Pour comprendre ce jeu entre les différents acteurs, nous avons mené trente-trois entretiens approfondis avec des responsables d’associations, des représentants de cabinets ministériels, comme des fédérations du secteur.

L’incertaine création d’un service public d’urgence sociale

Le service public d’urgence sociale défini par la note politique de 2007 doit être créé par les CPAS bruxellois pour gérer l’accueil en urgence de personnes sans-abri, tout en les réorientant vers le service d’aide le plus adapté. Il est censé être le chainon manquant entre la rue et les autres instances d’intégration (CPAS, maison d’accueil, soins de santé, etc.). Si la Commission communautaire commune (Cocom) intégrait ses services actuels de l’urgence sociale (Ariane et le Samusocial), le CPAS de Bruxelles-Ville devra intégrer l’asbl Casu et ses infrastructures. Le futur service fonctionnera dans la « continuité des activités actuelles de ces deux asbl pour assumer la responsabilité d’un service public ». Le SPUS devra être disponible vingt-quatre heures sur vingt-quatre et disposer d’un numéro vert et d’équipes mobiles.
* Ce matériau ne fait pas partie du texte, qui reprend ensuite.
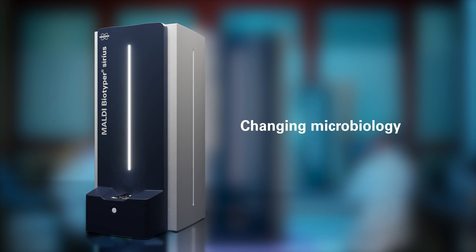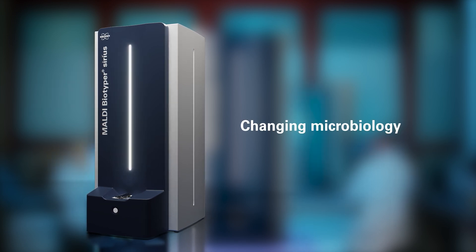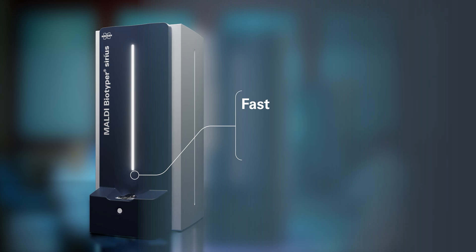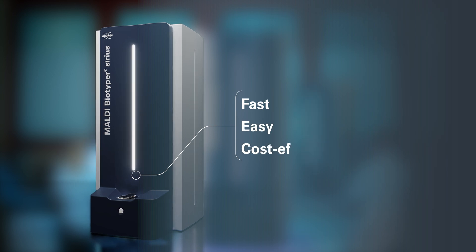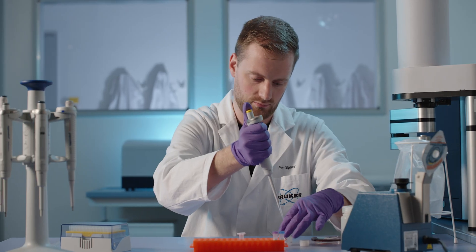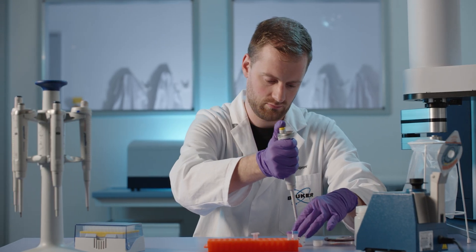For over a decade, Bruker has been changing microbiology through the application of MALDI-TOF as a fast, easy and cost-effective method for microbial identification.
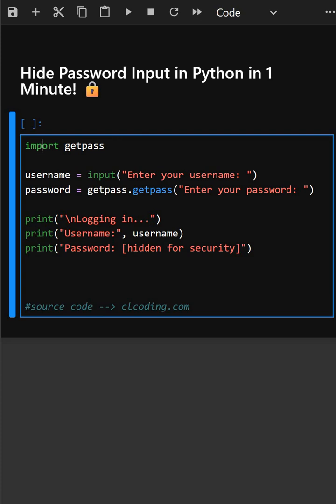Username equals input. This takes user input normally for the username and stores it in the variable username. Then in the next line, this is the key line. It asks the user to enter a password but nothing appears on the screen as they type. This keeps your input private and secure, just like typing a password on a login screen.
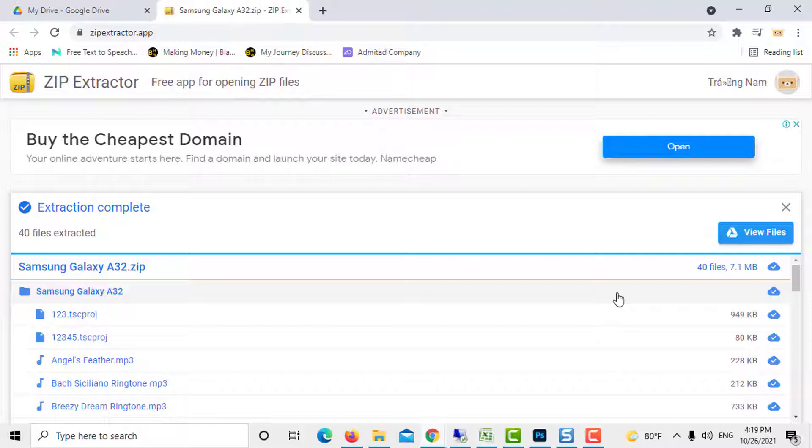Use the Zip Extractor interface to view the extracted file, share the file, or extract another file.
Le nombre de places est fixé à 143 (110 + 33 Samusocial et Ariane). Trois types d’accueil sont prévus : l’hébergement de crise de courte durée, l’accueil de nuit accompagné et l’accueil de nuit non accompagné pendant l’hiver pour des raisons humanitaires. La note retient par ailleurs que les CPAS devront s’impliquer de « manière optimale » et que le service sera amené à signer des conventions avec les structures de travail de rue, les maisons d’accueil, la police, les services de garde des hôpitaux, le SMES-B [2], etc.
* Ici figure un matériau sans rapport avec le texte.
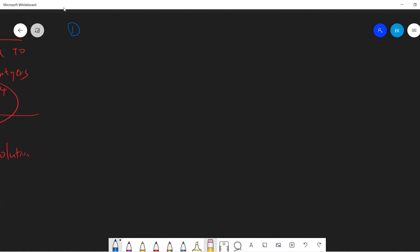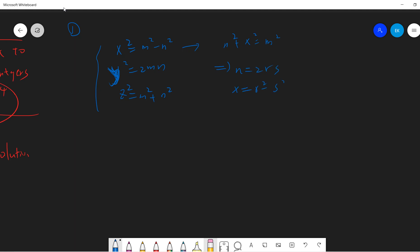Step one: suppose that x, y, z are coprime to each other. Using the lemma, there exist m and n such that we can write n equals 2rs, x equals r squared minus s squared, and m equals r squared plus s squared. From here, we have y squared divided by 2 equals m times n, so y squared divided by 4 equals m times n divided by 2.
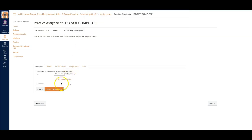I can add comments if I want. I can add another file if there's more than one page that I need to attach, and then I will submit.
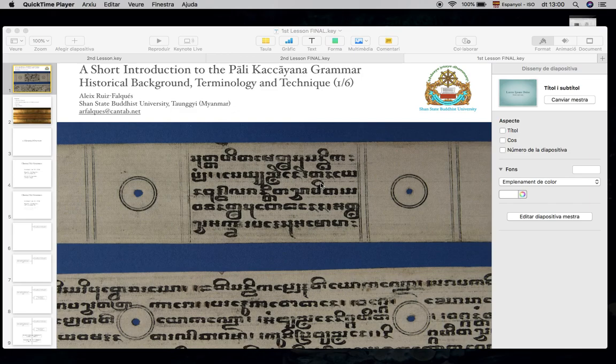Good afternoon everyone. This is a short introduction to the Pali Kaccayana grammar: historical background, terminology and technique. This is the first of six lectures. I would like to thank the organizers of this series, especially Professor Kate Crosby.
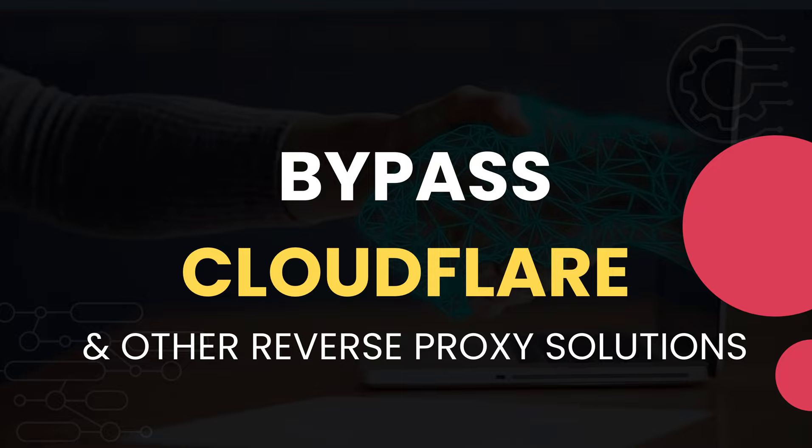What is up everybody, my name is Rahul and in this video I'll be talking about a way in which you can bypass reverse proxy solutions such as Cloudflare or Akamai altogether. This will ensure that your requests containing payloads are not dropped by the reverse proxy in between but actually hit the server itself.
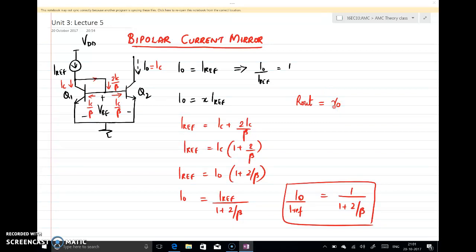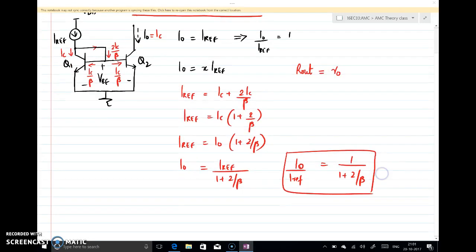In order to improve the current transfer ratio, we can go for some modification in the circuit so that we can make the current transfer ratio less dependent on beta. This reduced dependence on beta can be achieved by including one more transistor, where that transistor will contribute the base current. The structure is something like this.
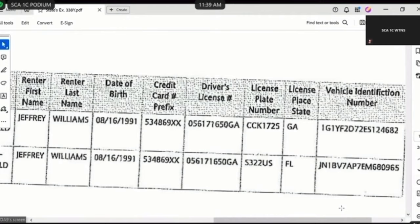Turning your attention to the credit card number prefix — do you see that on States 338 Yankee? Yes. Can you tell the ladies and gentlemen of the jury if those card numbers are different or they're the same? They're the same. And do you see a driver's license associated next to that column for credit card number prefix? Yes. Is the driver's license the same or different that was used by Mr. Williams? It is the same.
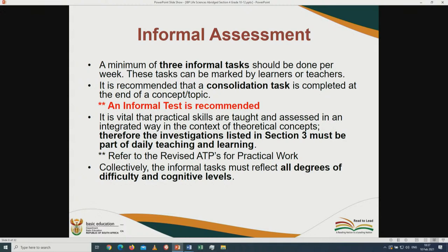For Grade 12, the province will provide all SBA tasks — practicals, tests, assignment — as well as the trial paper in September, with common dates for all tasks so schools can plan ahead. Regarding informal assessment, policy says a minimum of three informal tasks should be done per week, and this is a basic guideline.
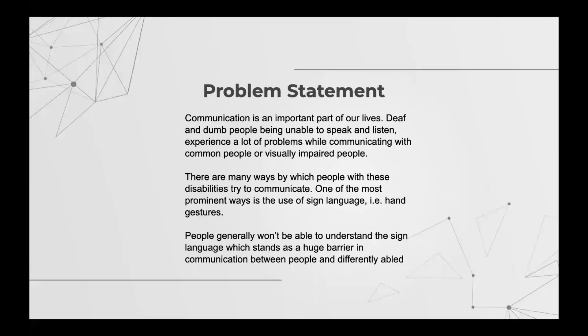Problem statement. The differently abled use a very different language for communicating with each other. It is the sign language and generally people like us don't understand the sign language which acts as a huge barrier between them and us.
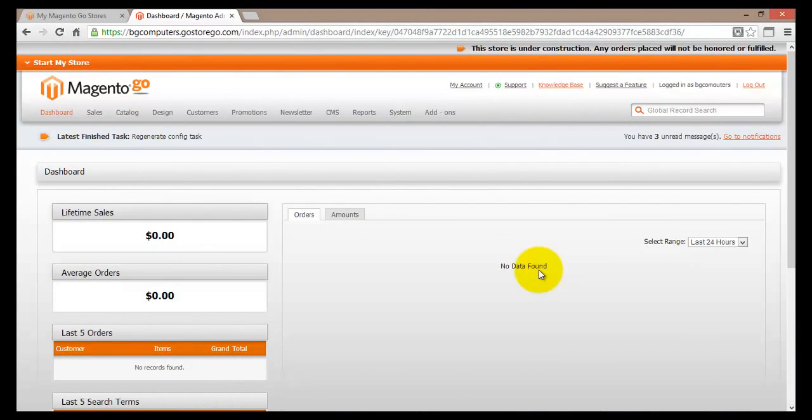Before we actually go into the next section, let's have a quick recap of what we have actually done. So basically we have signed up for Magento Go, we have chosen our plan and then we have created our online store.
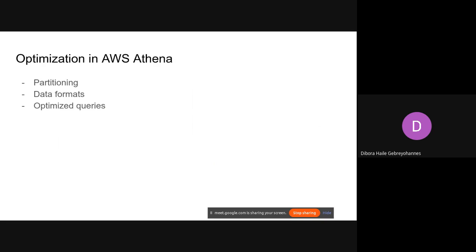Although AWS Athena has its advantages, it also has downsides — it doesn't provide an optimum way of querying data, which means we need to do that ourselves. We need to optimize our queries, optimize the way we store our data, which may include partitioning our data sources and storing them in columnar data formats like Parquet and Avro. Snowflake provides this for you, but AWS Athena doesn't.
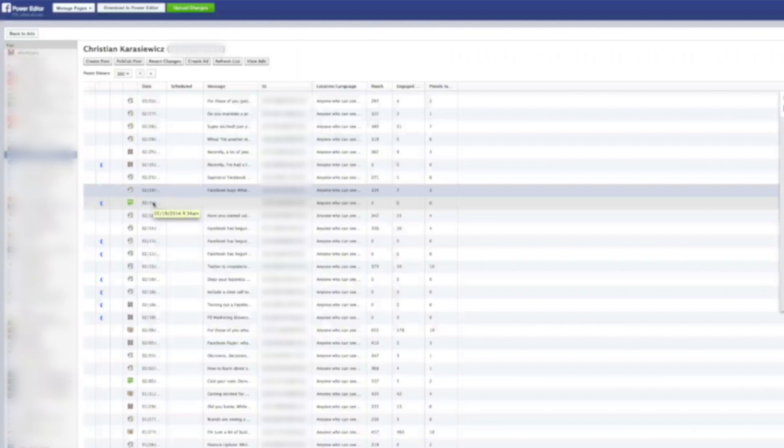For those of you not familiar with a dark or unpublished post, this is a post that you create in Power Editor and you can push it to your Facebook page. However, it does not show on the Facebook page. For example, I could create a post that only goes out to certain audiences and will only show up in their newsfeed.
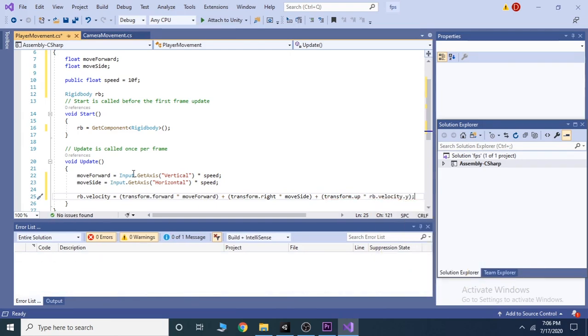Don't forget to put the semicolon. Now, save the script and go back to unity.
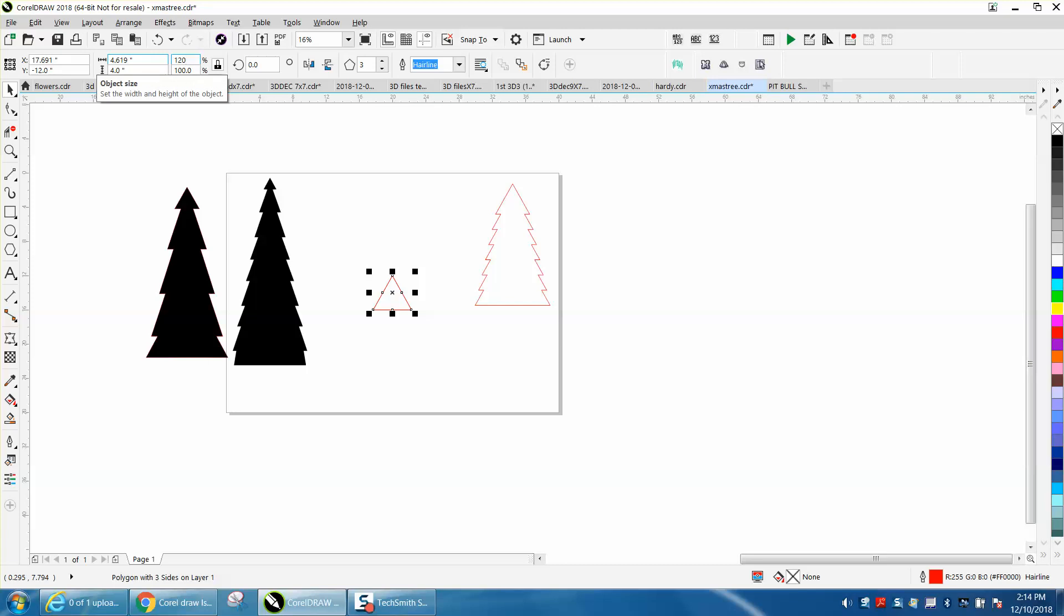Then I'm going to hold down the Control button and bring it down.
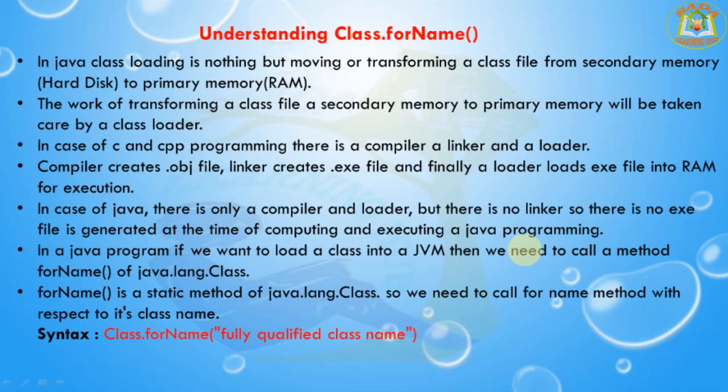It is a factory method. A method of a Java class that is capable of constructing and returning its own Java class object is called a factory method.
Un premier protocole d’accord [3] a été approuvé par le collège réuni et par la Cocof en 2003, mais pas par le collège de la Vlaamse Gemeenschapscommissie (VGC), ni par le gouvernement flamand en raison de la possibilité pour le SPUS de réquisitionner des places dans les maisons d’accueil. Les acteurs associatifs, et surtout les maisons d’accueil, refusaient d’accorder à un autre organisme la possibilité de gérer des places dans leurs maisons. Plus largement, les visions sur la place que les services présents sur le terrain pourraient prendre (Samusocial, Ariane et Pierre d’Angle) oscillent entre des visions d’un secteur associatif multiforme et un service public qui gère seul la compétence sur un territoire défini. Ce qui nous amène au premier axe d’analyse.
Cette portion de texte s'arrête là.